## HOW TO COMPLETE THIS TASK
Retype, exactly and only, each line from the one containing "Teknik Direktör Yılmaz" to the end of the records below.

## INFORMATION SUPPLIED
=== Section Start ===

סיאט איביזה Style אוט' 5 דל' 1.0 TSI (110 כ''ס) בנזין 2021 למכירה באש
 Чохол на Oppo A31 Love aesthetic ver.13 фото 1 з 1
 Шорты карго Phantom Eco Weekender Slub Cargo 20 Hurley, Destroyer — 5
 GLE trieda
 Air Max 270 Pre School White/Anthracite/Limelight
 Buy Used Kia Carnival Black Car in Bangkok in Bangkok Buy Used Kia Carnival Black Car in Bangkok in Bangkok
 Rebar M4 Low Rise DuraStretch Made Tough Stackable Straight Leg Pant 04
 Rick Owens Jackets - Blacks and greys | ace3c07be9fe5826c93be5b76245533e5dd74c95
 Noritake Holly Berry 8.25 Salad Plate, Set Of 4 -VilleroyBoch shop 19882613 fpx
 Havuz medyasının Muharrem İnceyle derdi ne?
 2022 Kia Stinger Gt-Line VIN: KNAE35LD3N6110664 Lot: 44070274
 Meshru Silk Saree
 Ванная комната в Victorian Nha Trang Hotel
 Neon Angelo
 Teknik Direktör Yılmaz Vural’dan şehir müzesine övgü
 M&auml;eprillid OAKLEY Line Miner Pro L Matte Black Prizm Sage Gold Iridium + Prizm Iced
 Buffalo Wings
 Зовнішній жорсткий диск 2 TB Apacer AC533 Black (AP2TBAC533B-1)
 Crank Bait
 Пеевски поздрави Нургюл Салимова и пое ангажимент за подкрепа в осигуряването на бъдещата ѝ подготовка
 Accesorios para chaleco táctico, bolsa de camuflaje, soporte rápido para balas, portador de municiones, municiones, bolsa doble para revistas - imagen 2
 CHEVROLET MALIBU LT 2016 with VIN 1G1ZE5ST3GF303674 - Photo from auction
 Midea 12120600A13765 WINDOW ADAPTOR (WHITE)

=== Section End ===

## RESPONSE TO THE EXERCISE
 Teknik Direktör Yılmaz Vural’dan şehir müzesine övgü
 M&auml;eprillid OAKLEY Line Miner Pro L Matte Black Prizm Sage Gold Iridium + Prizm Iced
 Buffalo Wings
 Зовнішній жорсткий диск 2 TB Apacer AC533 Black (AP2TBAC533B-1)
 Crank Bait
 Пеевски поздрави Нургюл Салимова и пое ангажимент за подкрепа в осигуряването на бъдещата ѝ подготовка
 Accesorios para chaleco táctico, bolsa de camuflaje, soporte rápido para balas, portador de municiones, municiones, bolsa doble para revistas - imagen 2
 CHEVROLET MALIBU LT 2016 with VIN 1G1ZE5ST3GF303674 - Photo from auction
 Midea 12120600A13765 WINDOW ADAPTOR (WHITE)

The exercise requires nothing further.